# Chocolate & Cigars



## Blackcat (Aug 18, 2009)

Tried it tonight with a few different dark chocolates and a bit of Scotch. Wife enjoyed it immensely.


----------



## Stench (Aug 17, 2009)

Blackcat said:


> Tried it tonight with a few different dark chocolates and a bit of Scotch. Wife enjoyed it immensely.


Talking about a cigar right? :mischief:


----------



## Tarks (Mar 3, 2009)

Nice. Glad you enjoyed.


----------



## Blackcat (Aug 18, 2009)

Stench said:


> Talking about a cigar right? :mischief:


Yes Yes! My apologizes! I should have stated a bit more clearly (and cleanly). Ashton VSG Enchantment Cigar, Lindt Chili Dark Chocolate (very good BTW) and 2 others I'm not sure of & Glenlivet 12 Year Single Scotch.

I was a Virgin with the VSG and it was a bit strong but still quite nice with pauses (the Scotch seems to help). Burned great all the way even with my slow pace.

Was kinda thinking that the oils from the chocolate might screw the taste things up a bit. It was a new experiment.


----------



## fiddlegrin (Feb 8, 2009)

Glad you enjoyed it!

BTW I have noticed that the enchantment benefits from some purging here and there between draws.

I like the Livet too :thumb:

.


----------



## Randy_LL (Aug 29, 2009)

sounds awsome ,,, i must try it out


----------



## tx_tuff (Jun 16, 2007)

I like some dark chocolate between cigars.
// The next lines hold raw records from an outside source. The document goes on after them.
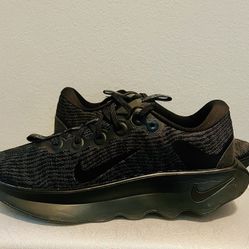 Men’s Nike Motiva  Size 10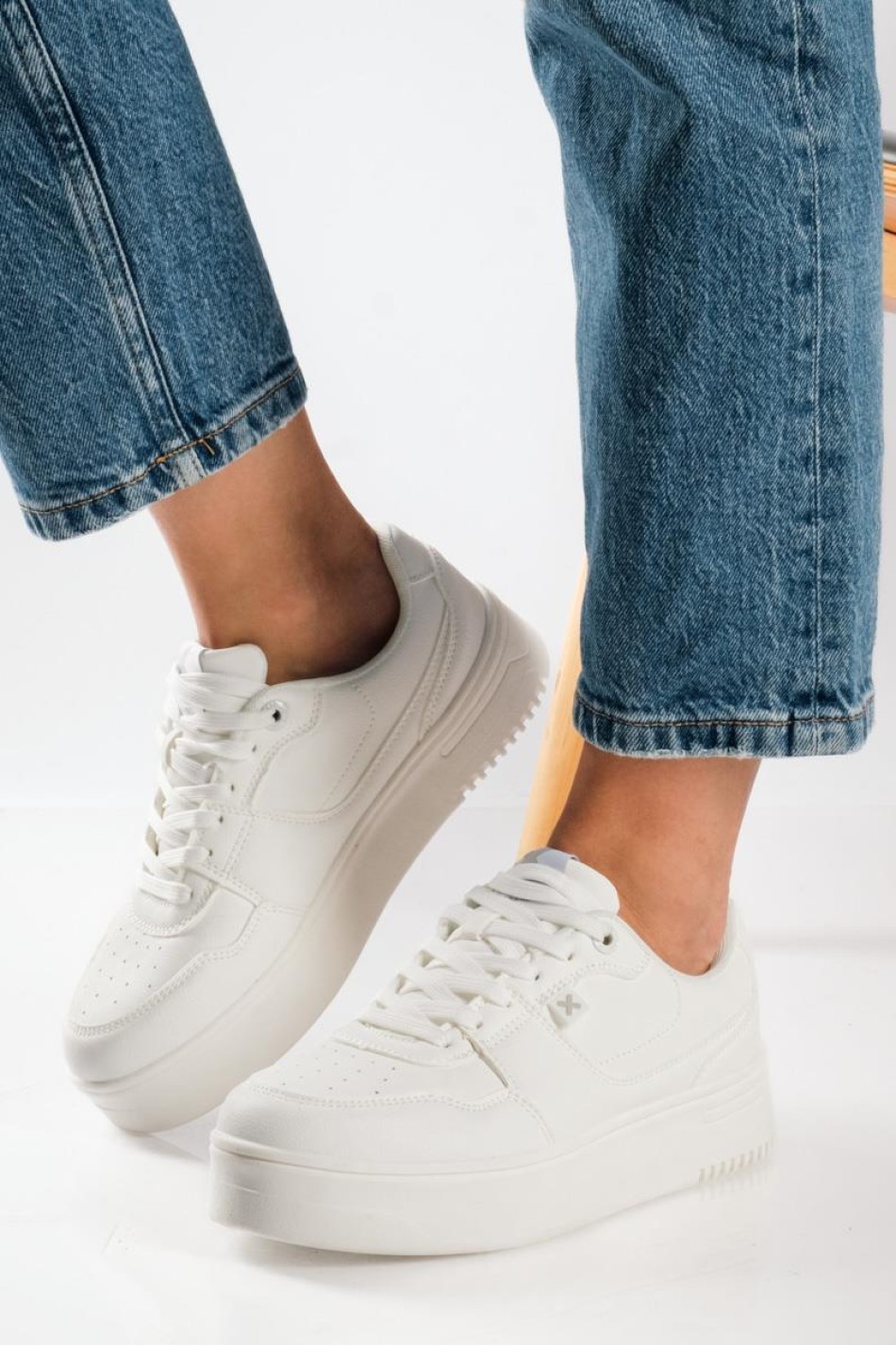 XTI Streetwear γυναικεία sneakers με κορδόνια ΑΣΠΡΟ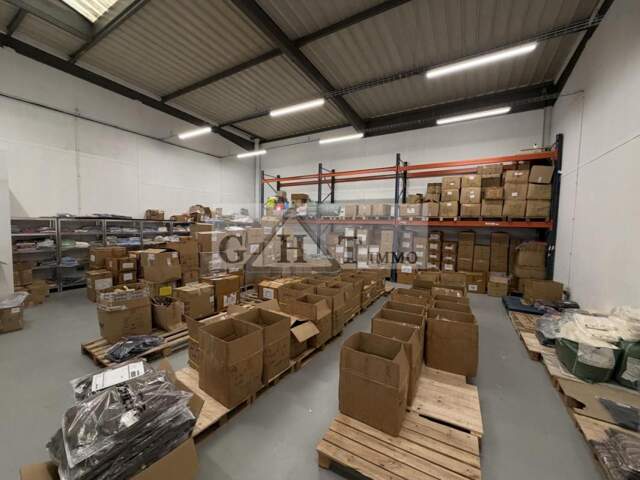 LOCAL D'ACTIVITÉ A VENDRE DE 231M2 — photo du bien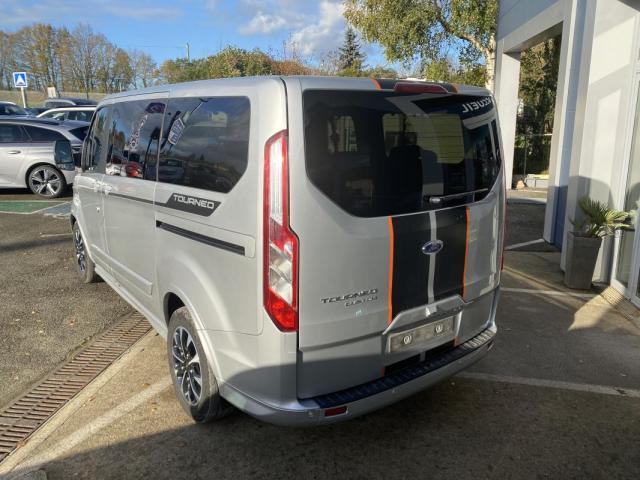 Ford Tourneo image 1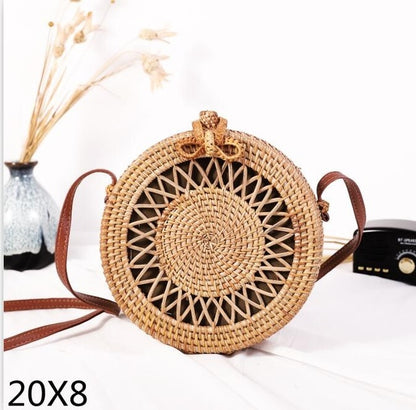 Round Straw Shoulder Bag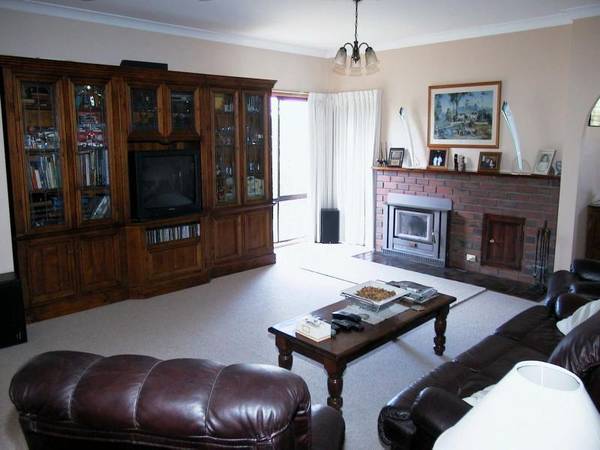 Renovated 4 Bedroom Home Picture 3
Don't norm like to eat anything as I'm smoking a stick. but between them its great.


----------



## Blackcat (Aug 18, 2009)

OK Swapped Sticks. Fuente' King B this time. Same Chocolate (Lindt Chili Dark). But only in the beginning and the end (OK once in the middle). Seemed to stay constant all the way through. I skipped the Scotch this time tried a very "Hoppy" beer. The beer seemed to have a much bigger affect on taste then the chocolate. Good smoke, but I didn't set enough time aside for it. Will try again tomorrow with-out chocolate' (ran out) & see how it varies.


----------



## zeavran1 (Aug 18, 2009)

It's not the kind of thing I ever thought about trying. Not sure I'll ever do it but you never know.


----------



## Blackcat (Aug 18, 2009)

I think tonight will be the Coffee & a Pyramid 9. Outta Choc & Scotch "DOH!"


----------



## Blackcat (Aug 18, 2009)

Skipped the Pyramid 9 and went with a Fuente' Signature. The Coffee was a nice addition (Grocery Store blend) but good all the same.


----------



## TMMT (Sep 12, 2009)

Yes, I agree this sounds interesting... now to find some decent chocolates!


----------



## tx_tuff (Jun 16, 2007)

Had some this weekend between cigars, I like using it this way. Seems to go better with fuller body cigars, like Nicaraguan puros. I had some that was 70% Cocoa.


----------



## Blackcat (Aug 18, 2009)

tx_tuff said:


> Had some this weekend between cigars, I like using it this way. Seems to go better with fuller body cigars, like Nicaraguan puros. I had some that was 70% Cocoa.


Good show!

I felt a bit silly the first time but thought "Hey" Scotch changes the pallet. Right?". I was just trying tiny pieces, you know chocolate chip size.


----------



## smokin'Jef (Jul 2, 2007)

I'll grab a couple pieces of super dark chocolate after I have a cigar. It makes for a nice bitter sweet pick me up. I tend to always go with 70% cocao or higher. Recently I've been hooked on this stuff that 88% with crushed espresso beans in it. So F'n Yum!


----------



## Cypress (Jun 27, 2007)

Choco, cigars, and wine are a great combo.


----------



## Blackcat (Aug 18, 2009)

Cypress said:


> Choco, cigars, and wine are a great combo.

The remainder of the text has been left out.